[PEAK] The path of model and storage

Wed Jul 28 18:37:46 EDT 2004

At 02:21 PM 7/28/04 -0700, Robert Brewer wrote:
> > ...conflicts will be resolved via the physical database's
> > locking facilities.
> >
> > So, there's absolutely no need to duplicate that logic, either at the
> > consumer code level or in the framework, unless for some
> > reason (that I can't presently fathom) you *want* to.
>
>To save processor time. I'd say about half of my data benefits from
>being retained in memory, as fully-formed objects, in a single process
>throughout the lifetime of the app. At the same time, it's the sort of
>data which can't simply be hard-coded--it needs to be user-configurable
>like other domain objects, and benefits greatly from the same framework
>tools that other domain objects enjoy. I'm talking about things like
>system tables for populating lists, which have lots of reads (sometimes
>every page view) but aren't _quite_ immutable; the users might have some
>interface for occasionally mutating the list. MRU's also fall in here,
>as does most of the content on any random Amazon page.
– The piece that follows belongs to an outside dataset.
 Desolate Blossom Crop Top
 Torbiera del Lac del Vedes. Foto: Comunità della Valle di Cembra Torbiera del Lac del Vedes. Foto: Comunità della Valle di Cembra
Ah.  If I understand your use case correctly, this need is met by 
workspaces with "longer-than-a-transaction" cache lifetimes.  In PEAK 
today, you'd do this with a DM whose 'resetStatesAfterTxn' flag is 
False.  (That is, don't ghostify the objects when a transaction is finished.)

For multithreaded scenarios, the idea is that you use an "application 
pool".  An application pool is just a list of zero or more top-level 
application objects.  When a worker thread picks up a request, it also pops 
an application from the pool, or creates a fresh instance if the pool is 
empty.  At the end of the request, the worker thread returns whatever 
application instance it used to the pool (via pool.append()).  This of 
course automatically and incrementally grows the application pool up to the 
number of concurrent threads.  Each application instance of course has its 
own workspace, and therefore its own cache, containing "live" 
objects.  And, with appropriate cache invalidation support, all cache 
instances can clean themselves if any thread or process commits a change to 
these long-lived objects.  (Of course, to do this, there will have to be a 
cache invalidation message queueing service, and it will have to be 
thread-safe.  But all this is for later implementation, anyway.)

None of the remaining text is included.